Alexa's Future As A Crime-Fighting Virtual Cop Is Still Far Away

A police department in Britain has started using Amazon's Alexa to broadcast daily briefings in people's homes, with the longterm goal of making the smart assistant a key part of the police force.

"The work that we're doing now is first and foremost our ability to push out information to the public that they may want and need," Rob Flanagan, head of Innovation for Lancashire Police, told Gizmodo. "So this may be missing persons, it may be people who are wanted, it may be to alert them to things that are going on in the local community. So essentially, what you can say to Alexa is 'give my my briefing' and [it] will read to them anything we put out that we want the public to know."

Later this month, Lancashire police will release a new Alexa "skill" to the public that, when prompted, responds with a short news briefing, updated daily. The pilot is ongoing until March. People can't file reports directly through the device, but eventually, Flanagan hopes future updates will allow Alexa to answer generic questions about how to report crime, updates on missing persons in the area, and which numbers to call for specific issues. But, Flanagan says, updating the public-facing Alexa is only the beginning.
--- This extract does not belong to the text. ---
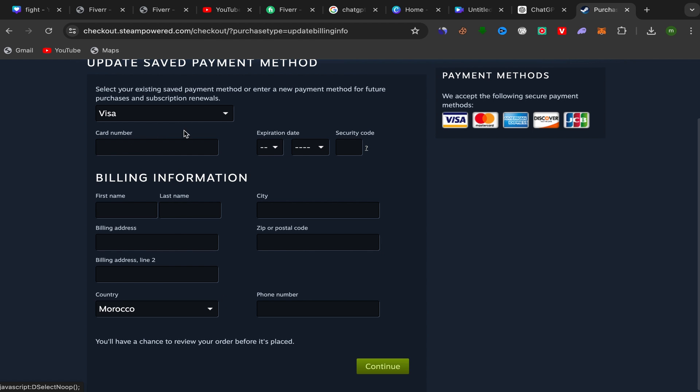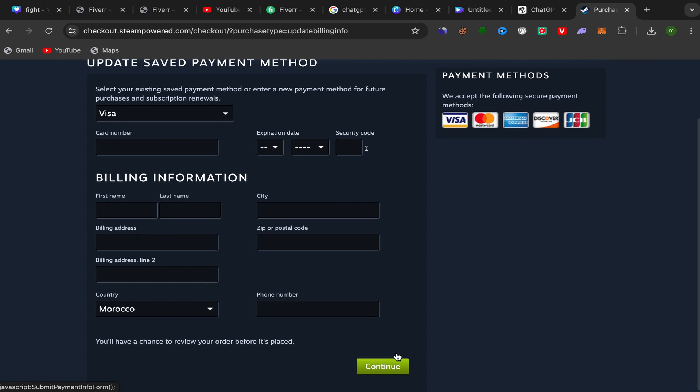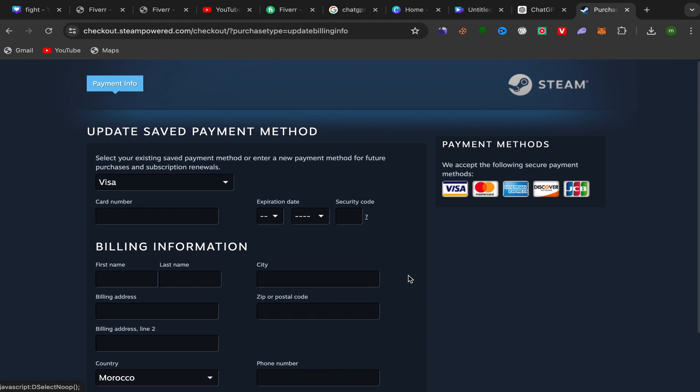After you finish, click on continue and you just need to confirm your card information. Then click on save and that's it. It's super easy. That's how we can add a payment method to your Steam account. Thank you so much for watching and see you in my next video.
Longterm, he sees a separate voice-activated smart assistant device developed from the ground up specifically for police.

"There would be one for the public and then there will be something else we can use internally," he said. "The cop [would] be able to say 'give me the warrant details for Joe Blocks' and then it would read back that person's warrant and details and send the information to the offices mobile device that they have on their person."
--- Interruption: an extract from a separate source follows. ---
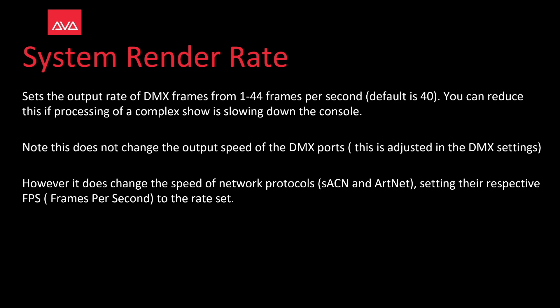However, it does change the speed of network protocols, streaming ACN and ArtNet, setting their respective frames per second to the rate set. So let's take a look at that.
In the future, he imagines a smaller device could be either in a police car or on their person, like a body camera. When officers begin their shifts, they could be briefed on the day's events via Alexa. The same if there's an ongoing situation and officers at multiple locations need updates.

"The technology is there for us to be able to do it, but obviously it takes a long time for us to develop something that we can put into use," he said.

For now, Flanagan says, the biggest hurdle is data security. Police databases contain a wealth of sensitive information, including details on convictions, open cases, and crisis response plans. A hack would be calamitous. A future device would have to be connected to the cloud, constantly updating, but would require safeguarding.

"[What we want to know is] is there going to be a safe and secure way for us to store some of our data in the cloud so that we can then utilise some of these technologies... to deliver information to our officers much faster," he explains.

After the pilot ends in March, Flanagan plans to relay the results to other UK police departments, with the goal of pushing the new idea forward.